> [DATA RECORDS]
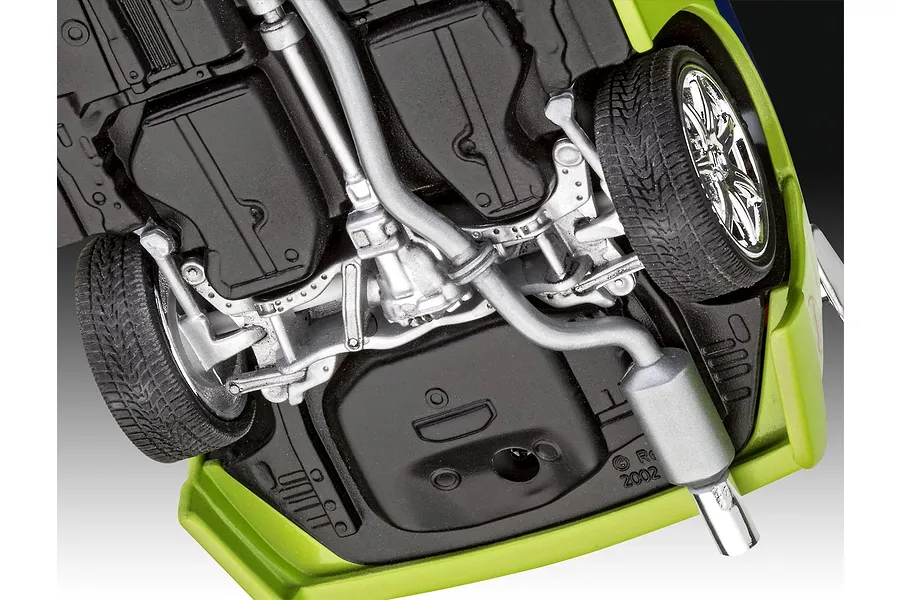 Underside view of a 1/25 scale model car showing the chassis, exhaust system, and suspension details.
...
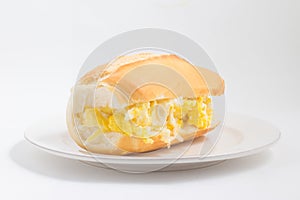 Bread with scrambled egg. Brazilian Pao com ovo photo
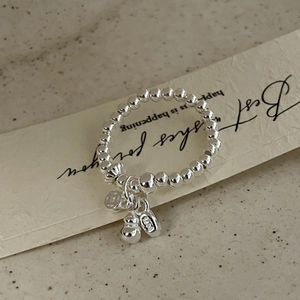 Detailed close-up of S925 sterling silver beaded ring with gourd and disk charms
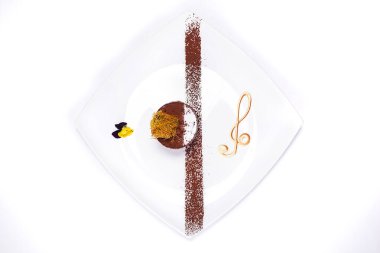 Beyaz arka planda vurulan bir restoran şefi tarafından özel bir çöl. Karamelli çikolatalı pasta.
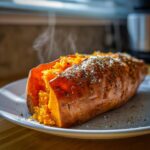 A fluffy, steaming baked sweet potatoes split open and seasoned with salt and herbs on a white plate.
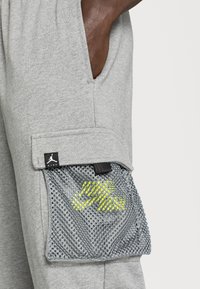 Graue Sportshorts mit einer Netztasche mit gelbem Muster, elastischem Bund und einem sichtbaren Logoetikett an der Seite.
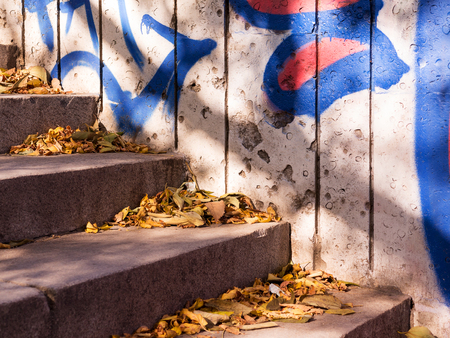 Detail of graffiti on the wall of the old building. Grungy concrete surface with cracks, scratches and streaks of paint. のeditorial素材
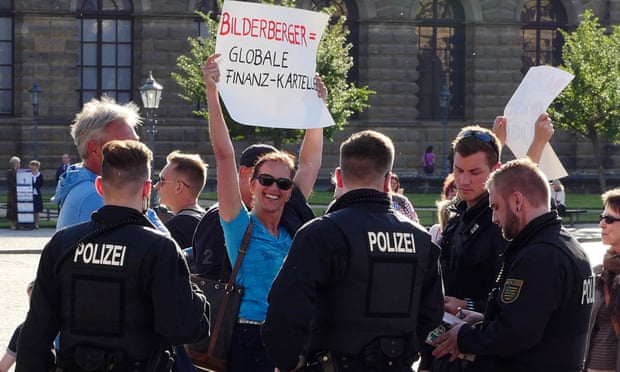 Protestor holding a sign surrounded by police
==
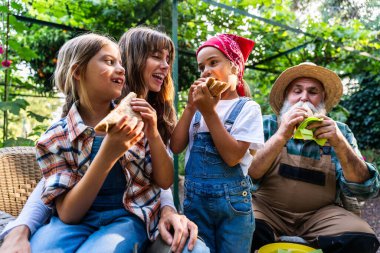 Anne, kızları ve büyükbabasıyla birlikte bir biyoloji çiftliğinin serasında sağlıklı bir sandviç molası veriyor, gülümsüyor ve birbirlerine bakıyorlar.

> [TASK ITEM] Output only the lines above from the one containing "Beyaz arka planda" to the one containing "Protestor holding a", both included, exactly as written and with no pictures.

> [SOLUTION TO THIS PROBLEM]
 Beyaz arka planda vurulan bir restoran şefi tarafından özel bir çöl. Karamelli çikolatalı pasta.
 A fluffy, steaming baked sweet potatoes split open and seasoned with salt and herbs on a white plate.
 Graue Sportshorts mit einer Netztasche mit gelbem Muster, elastischem Bund und einem sichtbaren Logoetikett an der Seite.
 Detail of graffiti on the wall of the old building. Grungy concrete surface with cracks, scratches and streaks of paint. のeditorial素材
 Protestor holding a sign surrounded by police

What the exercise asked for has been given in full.